In a flat organizational structure, there are few levels of management. This structure advocates for less supervision and increased involvement of all employees in decision-making (Cosh et al., 2012, p. 311). According to the Maslow hierarchy needs theory, individuals have a set of goals, which are commonly referred to as basic need. These include safety, love physiological, self-actualization, and esteem. Employees are primarily motivated by the aspiration to accomplish the conditions under which their needs rest (Ramlall, 2004, p.54). If the unmet needs of the employee are ignored, then the employee will not be motivated. The flat organizational structure gives all the employees a chance to get involved in running the business by engaging in making decisions. Involvement in decision-making improves an employee’s self-esteem. In addition, when employees make productive decisions the state of self-actualization kicks in increasing motivation. The hierarchical structure gives little room for employee development career wise and social wise. However, the flat structure is very accommodative of the employees regarding development. Employees learn when they make decisions and act on them rather than when they act on decisions made by others. The flat system bestows more responsibility to all employees and the employees in return feel trusted by the business (Cosh et al., 2012, p. 311). When an employee’s feels trusted and valued by the employer, then motivation levels increases. However, when an employee feels not trusted to the extent of not being allowed to make any decisions, then the level of motivation goes down.

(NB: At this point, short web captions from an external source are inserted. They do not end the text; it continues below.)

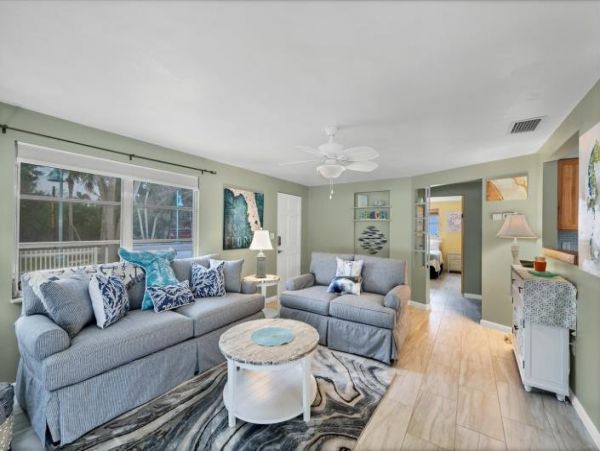 Cozy Vacation Rental with 2 Bedrooms in Manasota Key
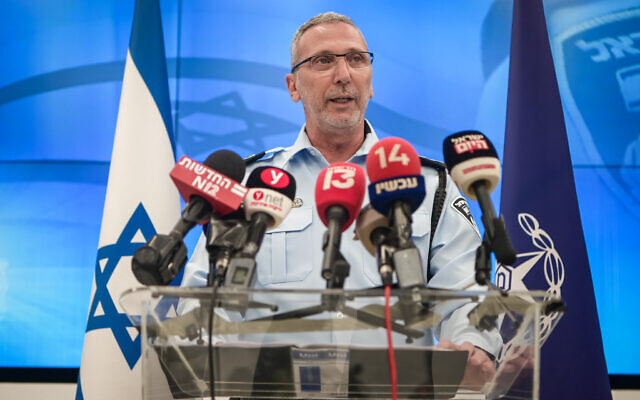 Police's Tel Aviv District Commander Amichai Eshed holds a press conference in Tel Aviv, on July 5, 2023 (Avshalom Sassoni/Flash90)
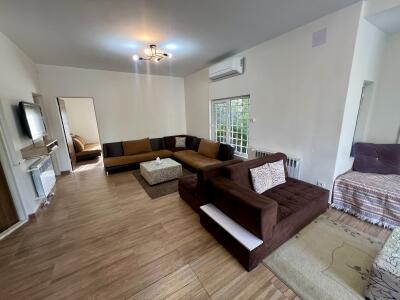 ویلا با استخر آبگرم "باراد" در کردان ویلا با استخر آبگرم "باراد" در کردان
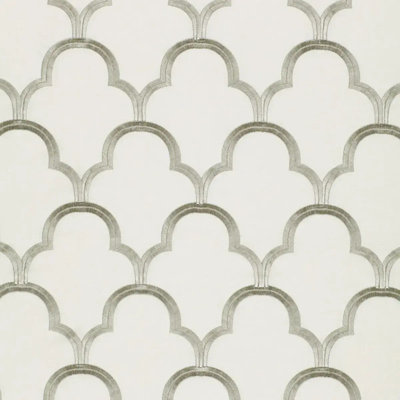 Tissu de broderie festonnée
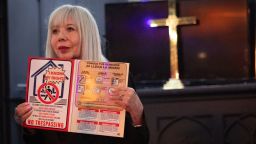 Lozano muestra un cartel con la leyenda "conozca sus derechos" y aconseja a los feligreses qué deben hacer si las autoridades de inmigración llegan a sus hogares.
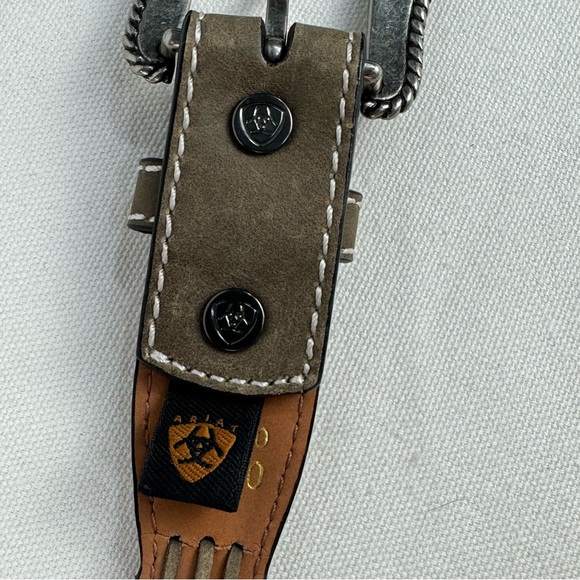 Ariat pink and brown leather laser cut out hearts belt limited edition buckle - Picture 5 of 12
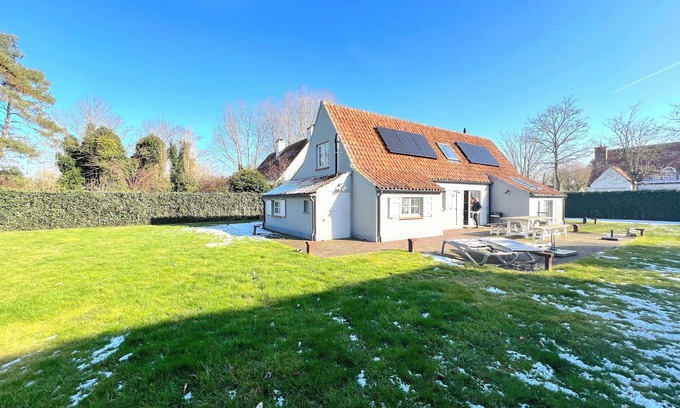 Nieuwpoort-aan-Zee Casa | Beautiful holiday home with a large garden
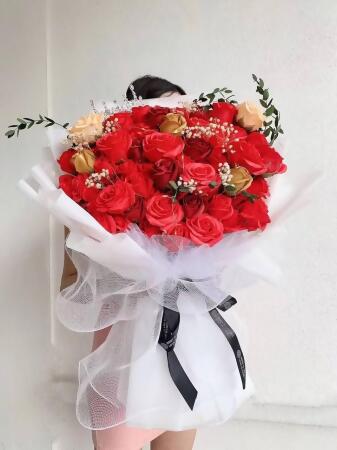 Soap Flower 99 Stalks With Metal Crown and LED Light Romance Always Florist By Hamper Malaysia - Rose Red Peach 99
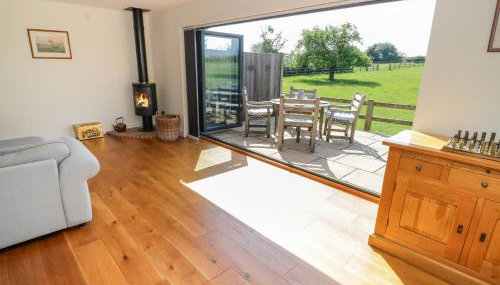 Little Owl Barn - Photo 3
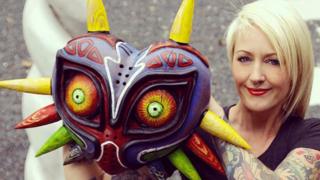 Artist Griffon Ramsey on the appeal of chainsaw carving - BBC News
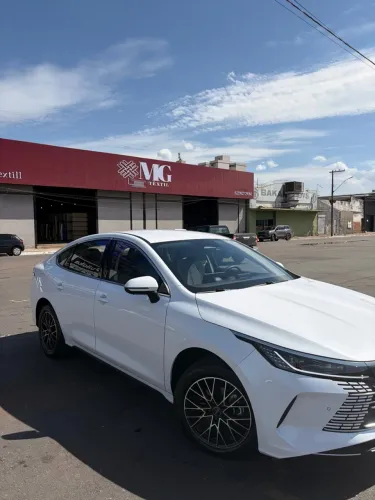 BYD King GS 1.5 16V Híbrido Aut. 2027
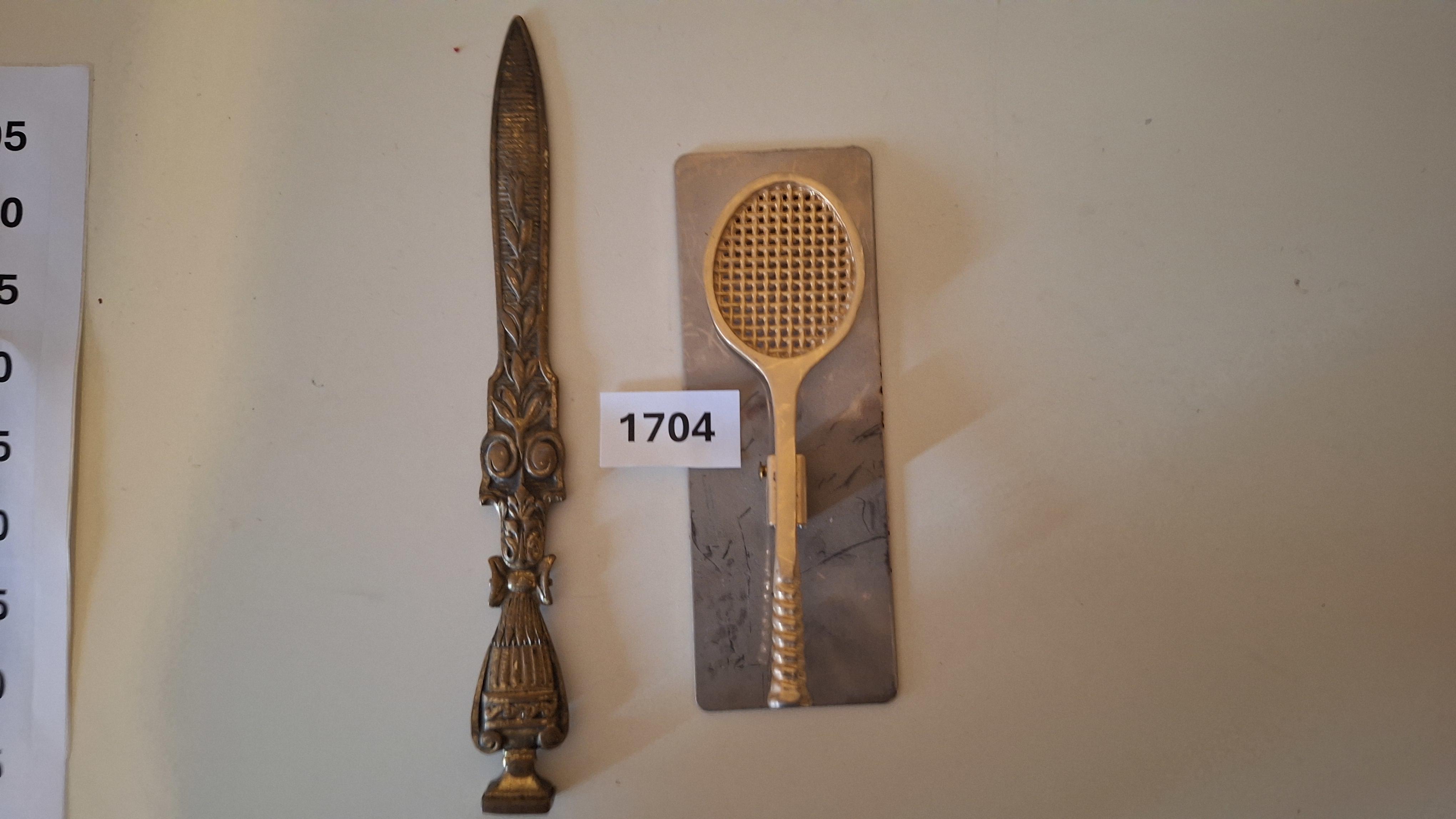 Goudkleurige briefopener met reliëfversiering en een bijbehorende klem in de vorm van een tennisracket – foto 2 – kavel bij Goeiendeal, Houthalen-Helchteren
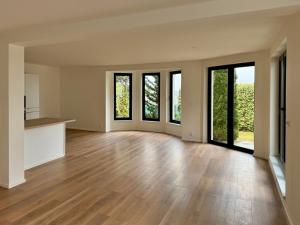 Prodej rodinného domu, Šestajovice, Ve Vilkách, 230 m2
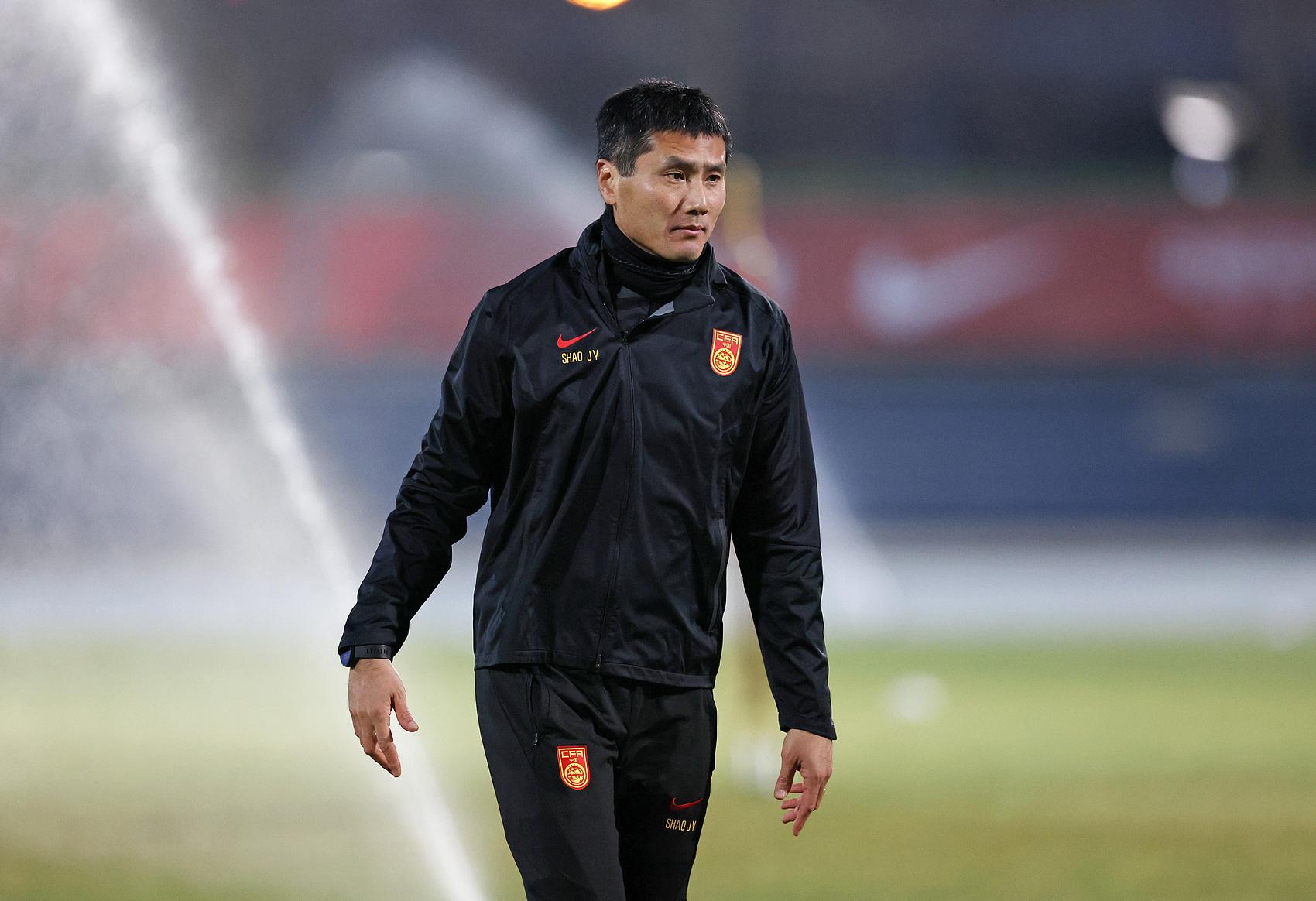 国足2026年首期名单:三名新人,塞尔吉尼奥是唯一入籍球员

Currently, technology is the big thing in the market. Technology has taken over the life of the people and businesses. Business can take the advantage and use using the technology in motivating employees. As outlined by Verma (2016), creating a technology friendly workplace enhances the productivity and creativity of the employees. Technology makes it easy for employees to share and collaborate with each other. No matter where one employee is, it is easy to share information using technology. This idea increases efficiency and keeps the employees motivated. In addition, communication between employees becomes efficient with technology. All this leads to increased productivity and a productive employee is a motivated employee.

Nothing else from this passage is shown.